The three “have laid the foundation for the current understanding of asset prices. It relies in part on fluctuations in risk and risk attitudes, and in part on behavioural biases and market frictions,” the Royal Swedish Academy of Sciences said.
Fama and Hansen are both professors at the University of Chicago, while Shiller is a professor at Yale University in Connecticut.
The economics prize is the only Nobel not originally included in the last will and testament of the prizes’ creator, Swedish scientist and philanthropist Alfred Nobel.

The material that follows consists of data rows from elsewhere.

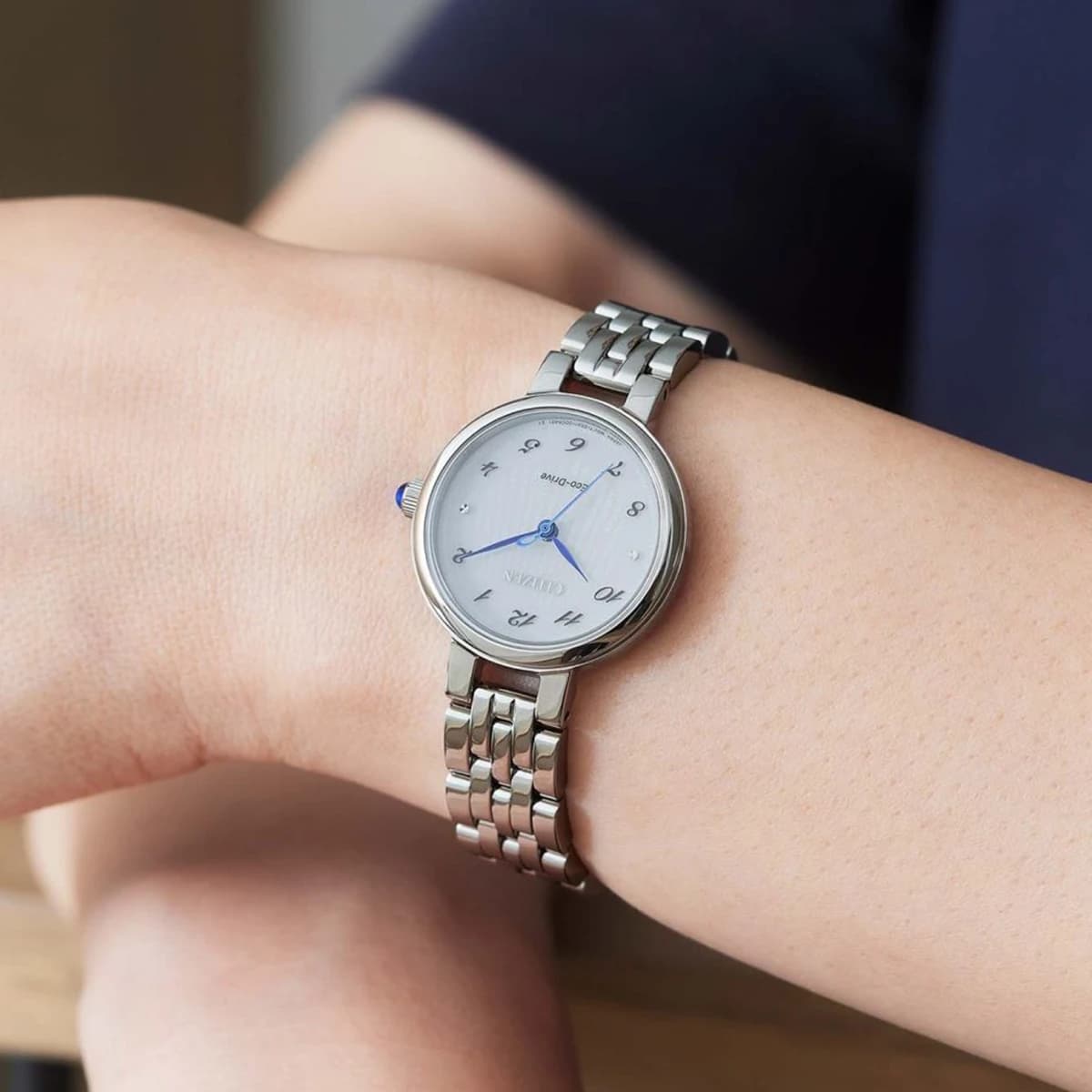 ساعت مچی زنانه سیتیزن CITIZEN EM0990-81A — تصویر ۱۰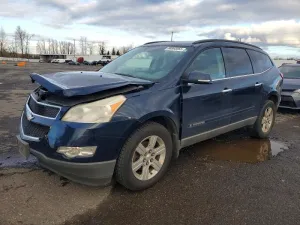 2009 CHEVROLET TRAVERSE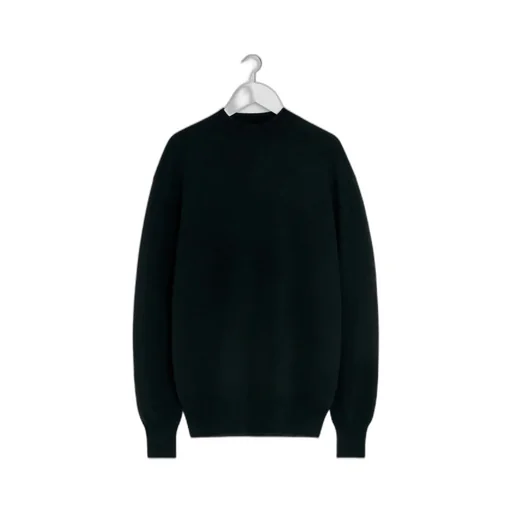 Mock Neck Sweater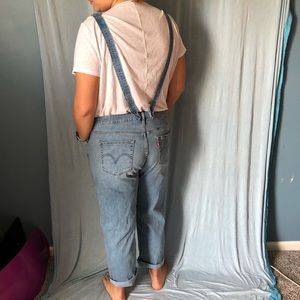 Levi Overalls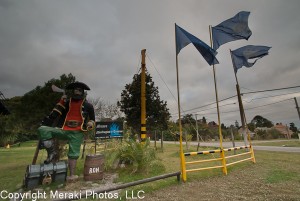 Photo of pirate museum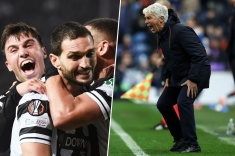 Обзор матчей Лиги Европы и Лиги конференций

It was established in 1968 by the Swedish central bank to celebrate its tri—centenary, and first awarded in 1969. The other prizes have been awarded since 1901.
Americans have dominated the list of economics laureates, with 17 out of 20 laureates coming from the US in the past 10 years.
Last year, US scholars Alvin Roth and Lloyd Shapley won for their work on the functioning of markets and how best to match supply and demand.
The economics prize winds up this year’s Nobel season, marked by awards in physics to the fathers of the Higgs boson, the literature prize to Canadian short story author Alice Munro, and the peace prize to the UN—backed Organisation for the Prohibition of Chemicals Weapons.